• [Work to be completed]
Exactly and only the lines below from the one containing "Connect the bag" down to the one containing "The conditioning oven" are wanted, both included; please exclude every picture.

___ Dataset records ___

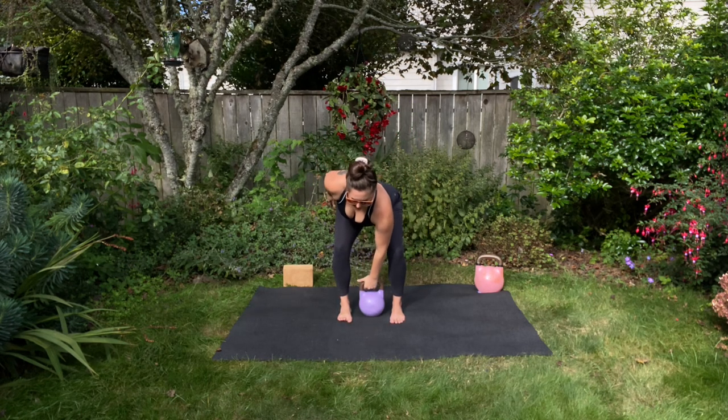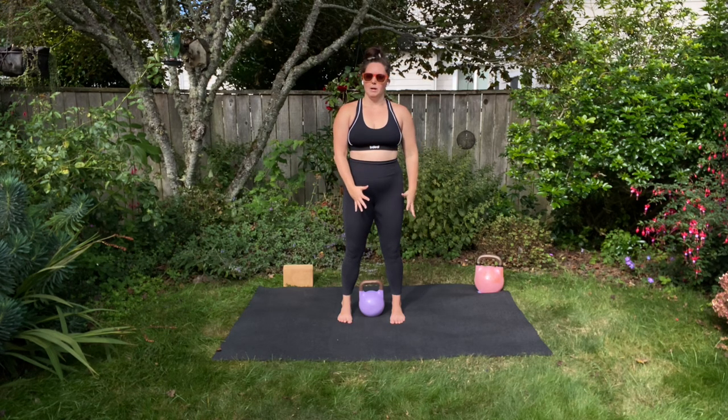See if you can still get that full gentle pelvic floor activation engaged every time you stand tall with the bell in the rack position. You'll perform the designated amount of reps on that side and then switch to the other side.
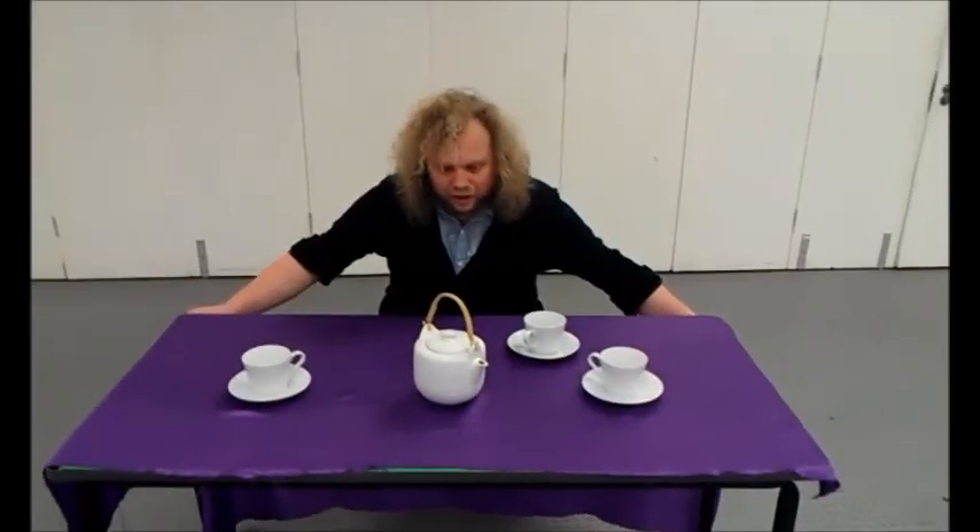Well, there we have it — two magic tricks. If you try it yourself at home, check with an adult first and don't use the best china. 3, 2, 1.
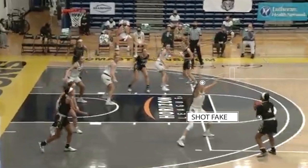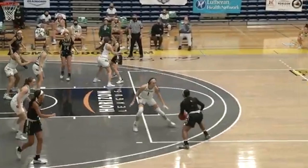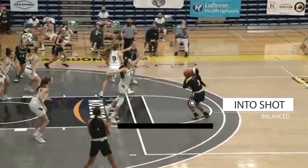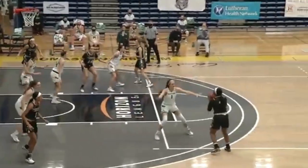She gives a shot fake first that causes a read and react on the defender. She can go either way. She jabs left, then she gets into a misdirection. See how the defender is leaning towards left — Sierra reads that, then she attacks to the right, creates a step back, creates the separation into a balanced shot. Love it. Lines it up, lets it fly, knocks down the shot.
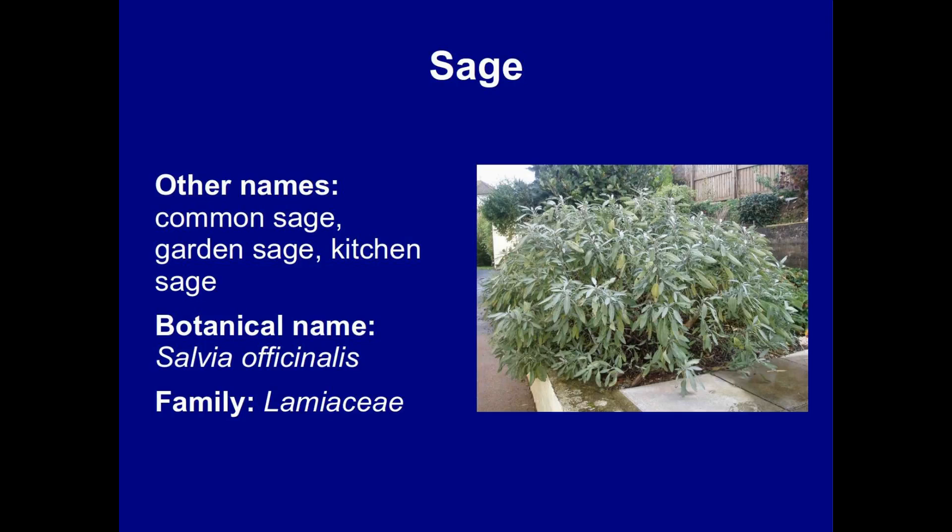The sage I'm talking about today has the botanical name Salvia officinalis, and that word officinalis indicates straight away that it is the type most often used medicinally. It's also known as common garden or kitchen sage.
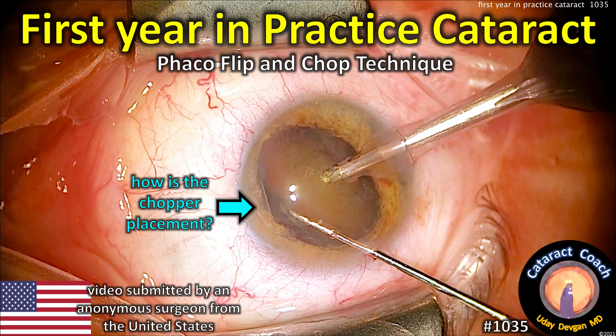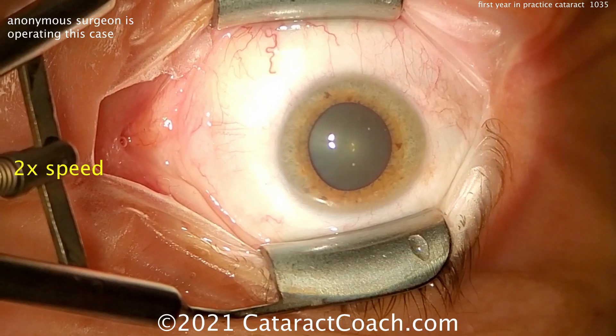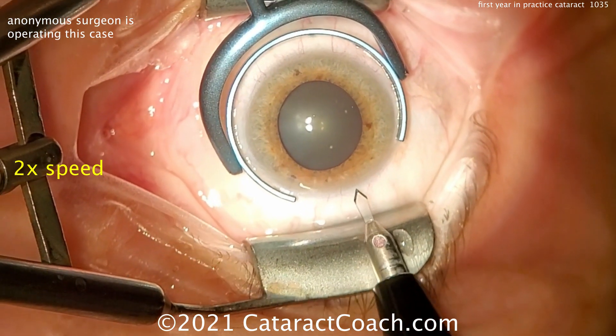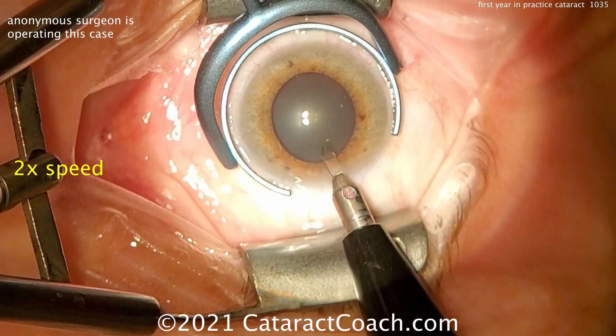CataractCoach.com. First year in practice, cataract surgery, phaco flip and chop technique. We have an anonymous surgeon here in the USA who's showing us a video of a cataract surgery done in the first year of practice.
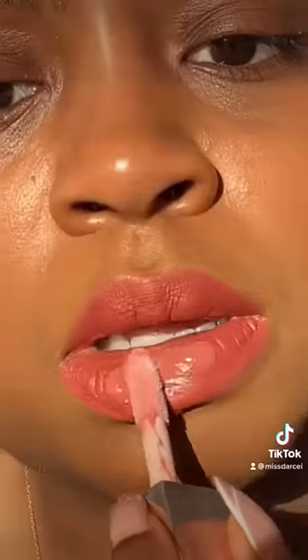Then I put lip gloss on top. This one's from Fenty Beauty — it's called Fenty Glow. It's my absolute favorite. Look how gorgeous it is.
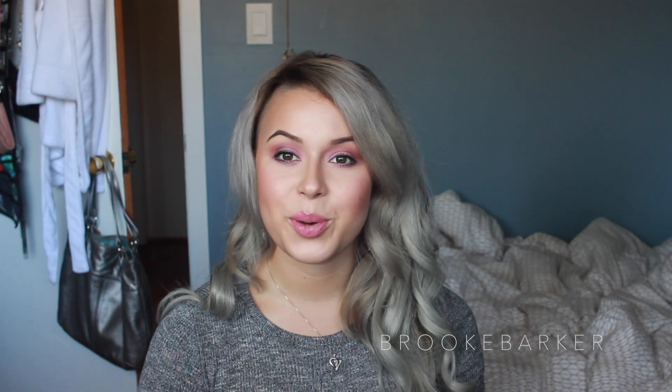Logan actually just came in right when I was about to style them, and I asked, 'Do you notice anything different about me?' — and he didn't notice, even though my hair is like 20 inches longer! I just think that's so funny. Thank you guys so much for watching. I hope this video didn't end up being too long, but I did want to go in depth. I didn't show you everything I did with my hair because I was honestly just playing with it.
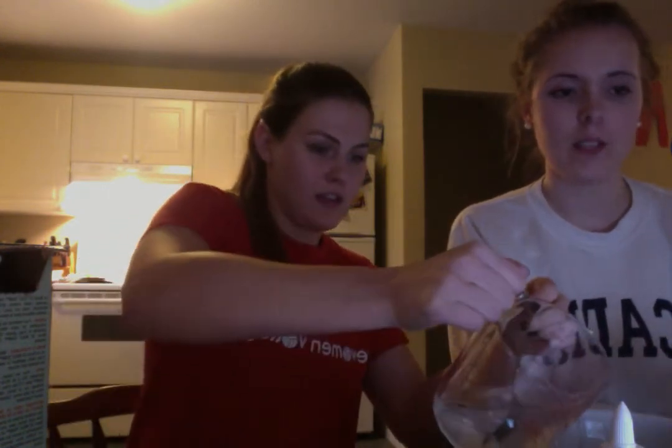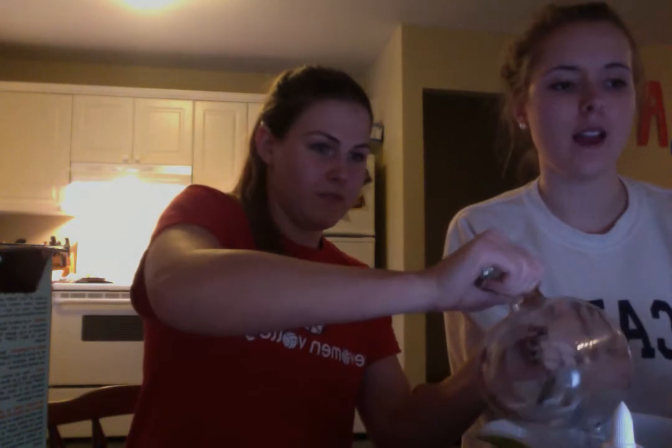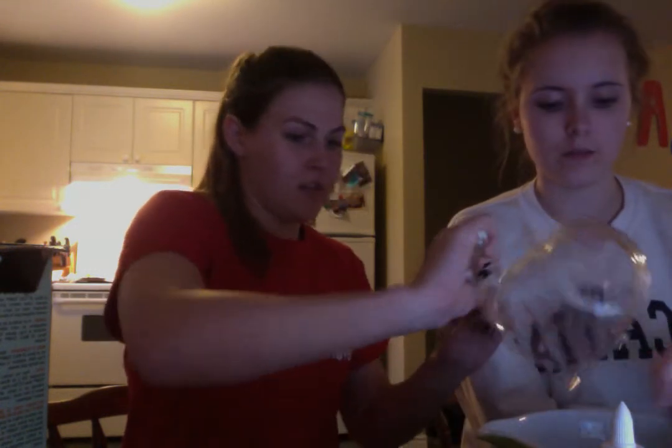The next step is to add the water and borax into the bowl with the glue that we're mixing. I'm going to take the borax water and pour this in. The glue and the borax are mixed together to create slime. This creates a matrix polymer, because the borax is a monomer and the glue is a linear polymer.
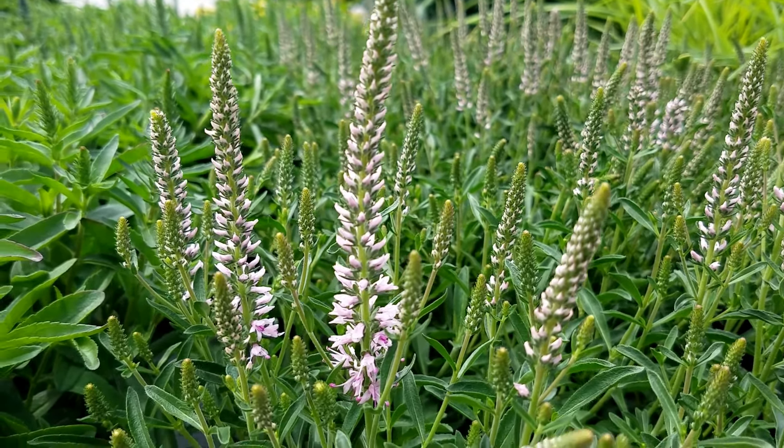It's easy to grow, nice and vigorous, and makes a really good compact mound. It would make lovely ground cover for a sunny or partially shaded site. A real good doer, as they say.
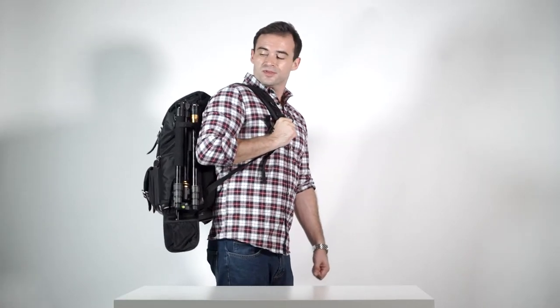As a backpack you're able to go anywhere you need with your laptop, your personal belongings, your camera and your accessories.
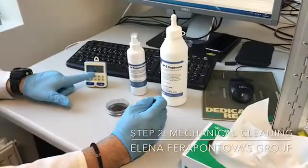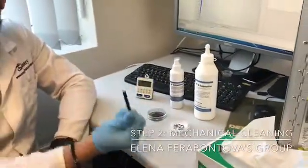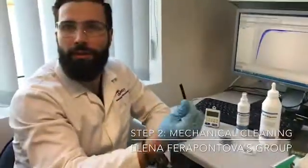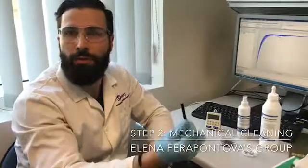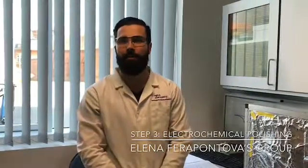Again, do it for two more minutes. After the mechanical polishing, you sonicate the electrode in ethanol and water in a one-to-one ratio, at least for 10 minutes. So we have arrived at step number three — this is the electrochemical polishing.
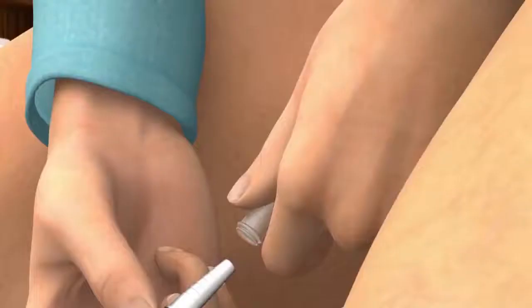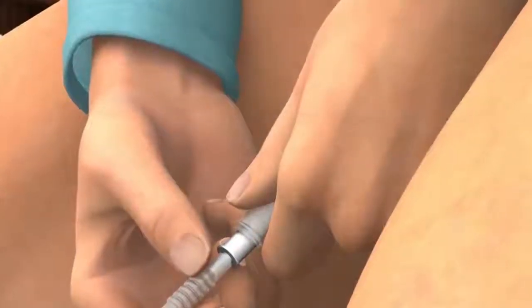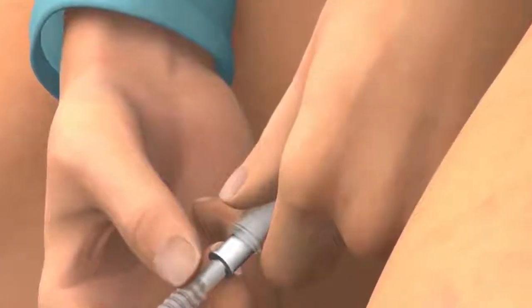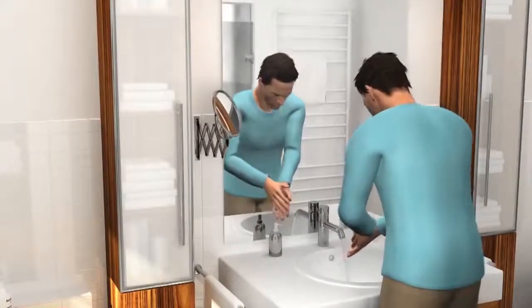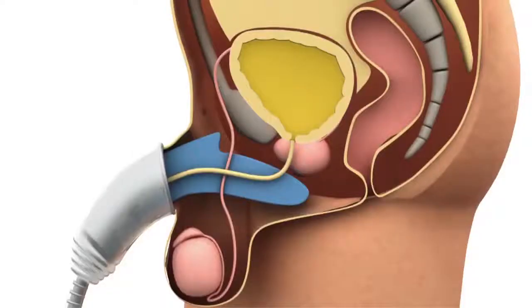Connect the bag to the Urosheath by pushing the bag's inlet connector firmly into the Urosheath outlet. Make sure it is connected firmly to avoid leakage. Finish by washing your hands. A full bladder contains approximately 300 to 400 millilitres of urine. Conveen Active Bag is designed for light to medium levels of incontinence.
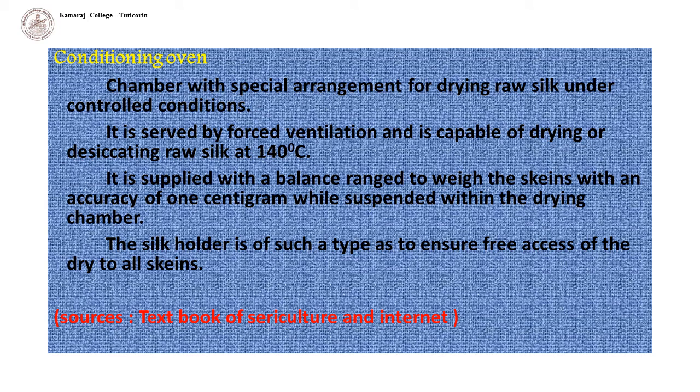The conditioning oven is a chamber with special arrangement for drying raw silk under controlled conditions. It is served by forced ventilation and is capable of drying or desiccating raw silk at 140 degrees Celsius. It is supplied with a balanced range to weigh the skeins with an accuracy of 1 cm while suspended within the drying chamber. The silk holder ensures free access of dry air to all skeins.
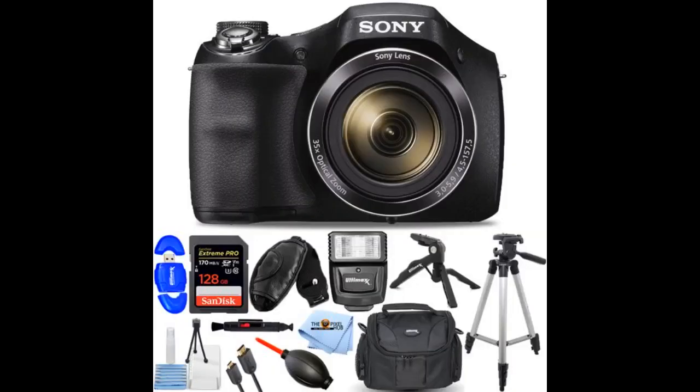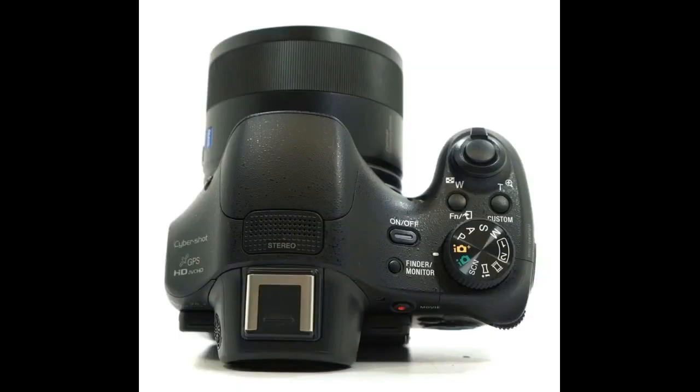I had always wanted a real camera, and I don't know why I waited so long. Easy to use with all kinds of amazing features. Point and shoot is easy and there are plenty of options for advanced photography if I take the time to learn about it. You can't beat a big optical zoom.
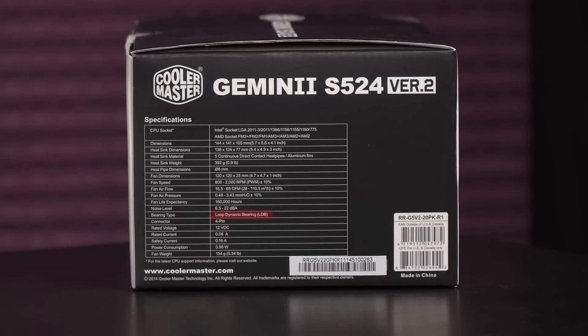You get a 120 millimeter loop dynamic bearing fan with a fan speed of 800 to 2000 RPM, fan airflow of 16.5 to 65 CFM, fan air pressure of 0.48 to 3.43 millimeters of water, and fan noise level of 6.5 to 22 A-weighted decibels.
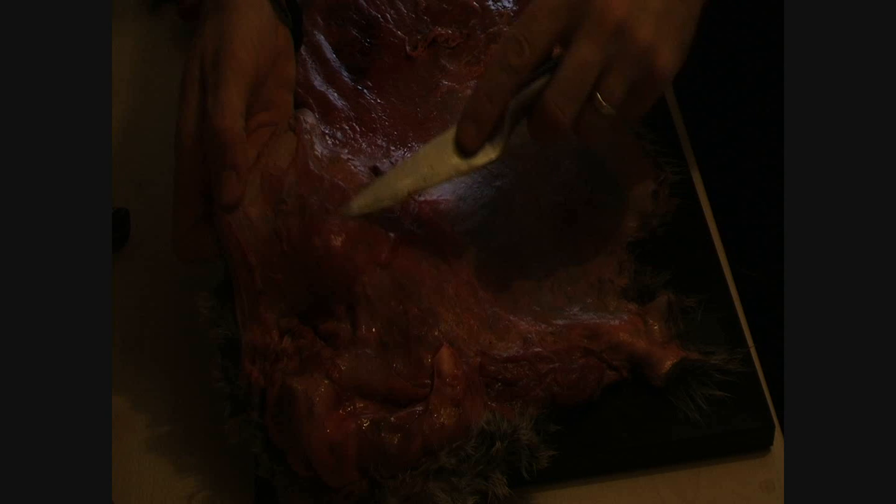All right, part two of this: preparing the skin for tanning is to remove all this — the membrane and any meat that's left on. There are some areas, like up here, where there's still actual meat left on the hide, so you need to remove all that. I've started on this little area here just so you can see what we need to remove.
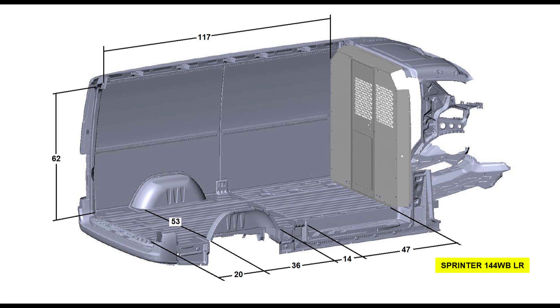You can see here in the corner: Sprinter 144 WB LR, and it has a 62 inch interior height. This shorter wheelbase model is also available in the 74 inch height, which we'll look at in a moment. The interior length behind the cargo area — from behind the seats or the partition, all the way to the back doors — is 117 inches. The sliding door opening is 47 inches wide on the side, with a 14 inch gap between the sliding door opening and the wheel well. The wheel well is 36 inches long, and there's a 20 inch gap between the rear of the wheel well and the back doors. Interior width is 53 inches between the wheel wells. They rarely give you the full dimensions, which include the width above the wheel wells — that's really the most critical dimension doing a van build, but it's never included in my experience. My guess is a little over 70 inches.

___

• [Answer space]
Connect the bag to the Urosheath by pushing the bag's inlet connector firmly into the Urosheath outlet. Make sure it is connected firmly to avoid leakage. Finish by washing your hands. A full bladder contains approximately 300 to 400 millilitres of urine. Conveen Active Bag is designed for light to medium levels of incontinence.
The conditioning oven is a chamber with special arrangement for drying raw silk under controlled conditions. It is served by forced ventilation and is capable of drying or desiccating raw silk at 140 degrees Celsius. It is supplied with a balanced range to weigh the skeins with an accuracy of 1 cm while suspended within the drying chamber. The silk holder ensures free access of dry air to all skeins.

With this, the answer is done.